In a 42-page opinion, Austin Appeals Court Justice Edward Smith rejected the PUC’s arguments, writing that the Texas Legislature gave the court the power of review and jurisdiction and that state law requires that the PUC set rates based on a “preference for reliance on competition rather than regulation.”
“In extreme circumstances under extraordinary pressure, the commission exceeded its power by eliminating competition entirely,” Justice Smith wrote. “The Legislature clearly stated that the commission’s rules must be ‘limited so as to impose the least impact on competition.’

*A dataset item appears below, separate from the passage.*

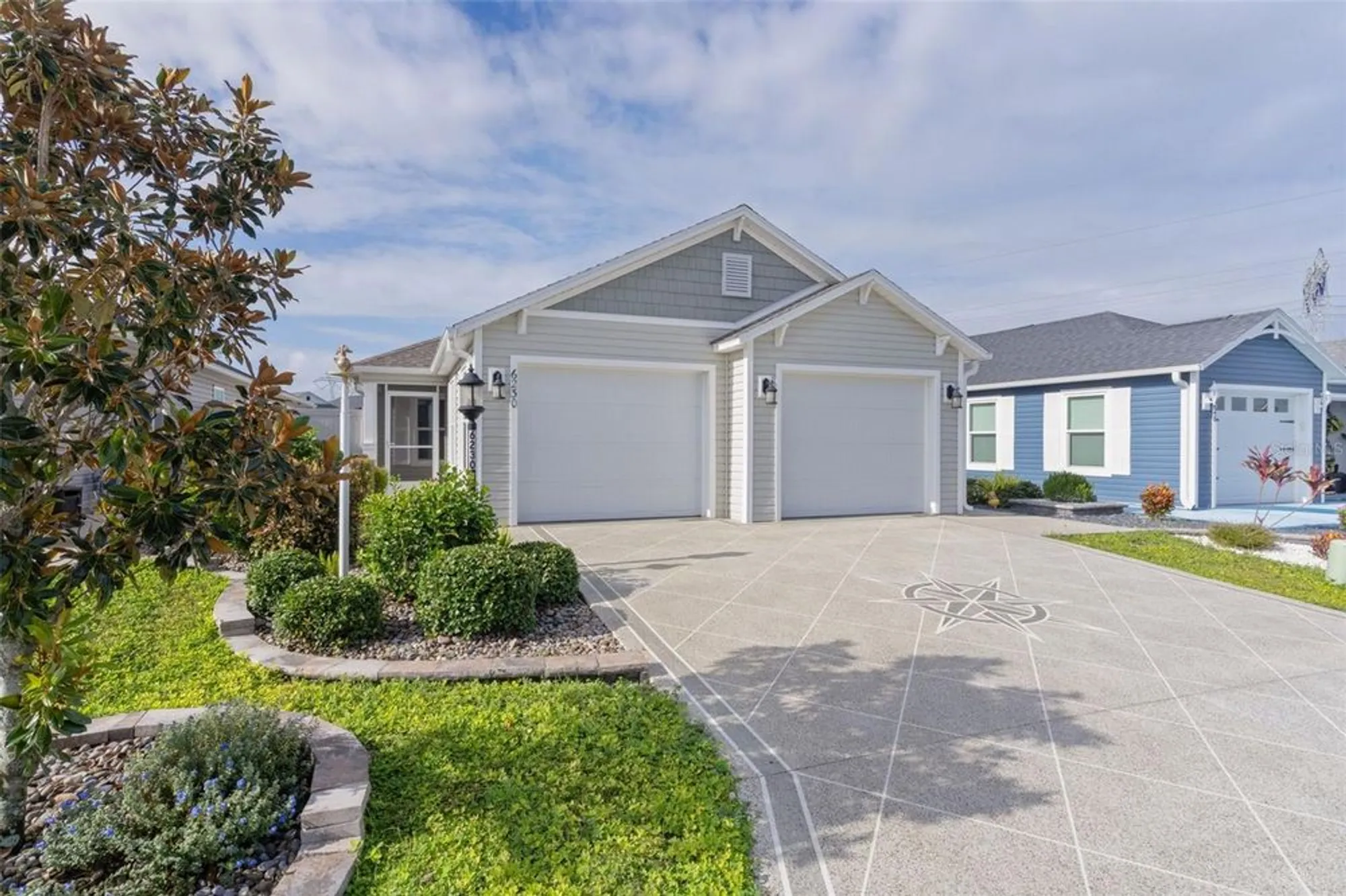 Property Slideshow image 1 of 39 | 6230 dingman way, The Villages, FL, 32163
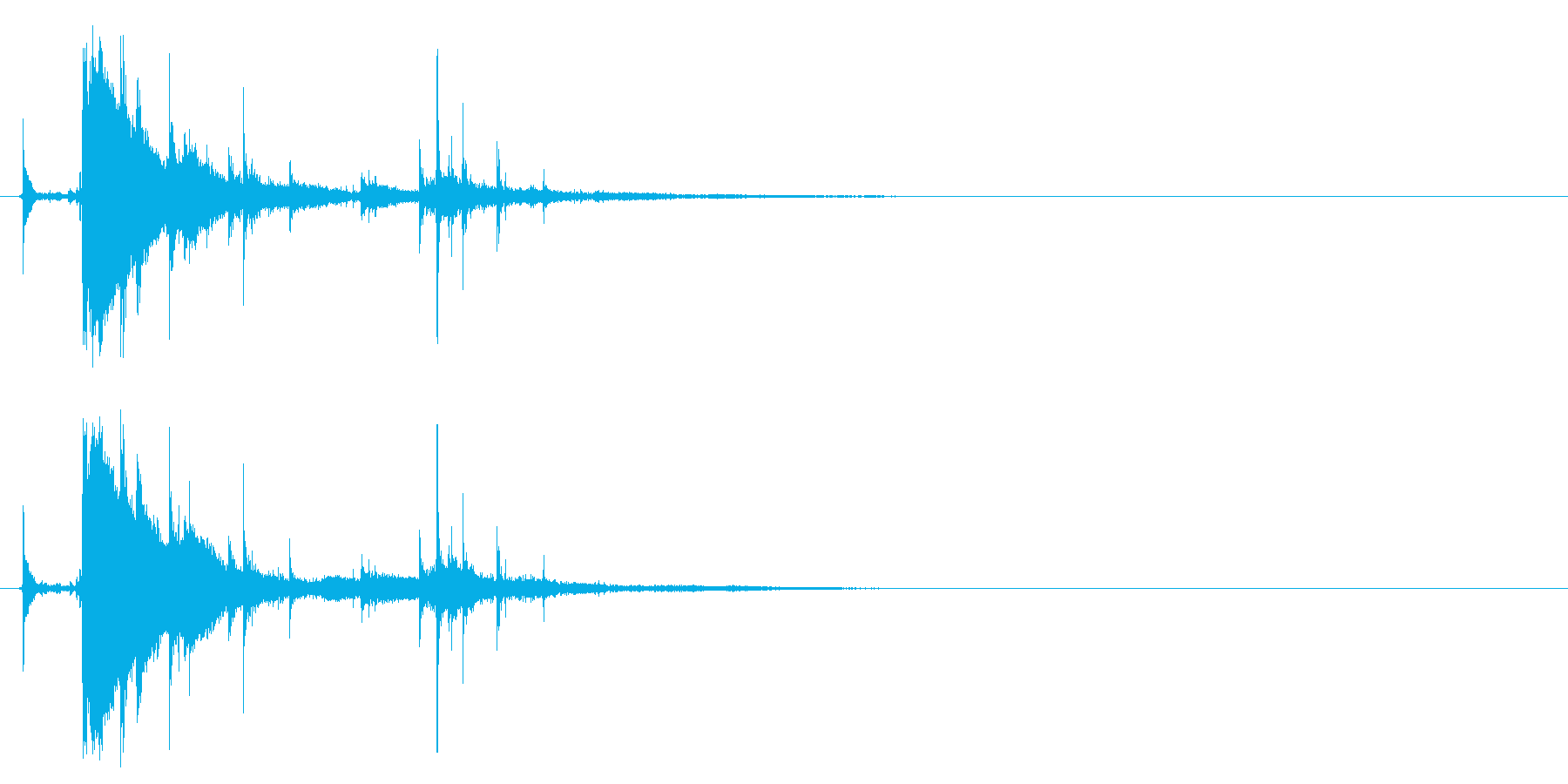 氷 グラスの中にカラーンと氷が落ちる音1の再生済みの波形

“Instead, the orders had the maximum impact on competition conceivable by setting a single price for power and directing ERCOT to take all necessary steps to ensure the market cleared at that single price,” the court ruled.
The typical market clearing price in Texas can be $30 per megawatt hour. During Winter Storm Uri, the price had risen to just above $1,200 based on market forces and demand.
But the PUC board, believing that the market demand-based system was not operating properly, issued rules to set the market clearing price at the legal cap of $9,000 per MWh and kept the price there for four days.
“While the extraordinary circumstances of Winter Storm Uri may have required extraordinary modifications to the [scarcity pricing mechanism] to send appropriate pricing signals to prompt the necessary market response, the commission here exceeded the Legislature’s limits on its power,” the appeals court ruled.
“Setting a single price at the rule-based maximum price violated the Legislature’s requirement in the Utilities Code Section 39.001(d) that the commission use competitive methods to the greatest extent feasible and impose the least impact on competition,” Justice Smith wrote.
Winter Storm Uri hit Texas Feb. 14, 2021, bringing with it snow, freezing rain and subzero temperatures. While electric service went out in large portions of the state, especially in the Houston area, power demand surged in other areas, such as Dallas. At the same time, many electric generators went off-line, and natural gas providers also were unable to supply product to electric generators.
The PUC, at a six-minute meeting Feb. 15, decided to address the gap between supply and demand by issuing an emergency “rule” that reset the maximum price at $9,000 per megawatt-hour — up from $1,200. It made the $9,000 price retroactive to Feb. 14. The next day, Feb. 16, the PUC met again and rescinded the retroactive part of its order.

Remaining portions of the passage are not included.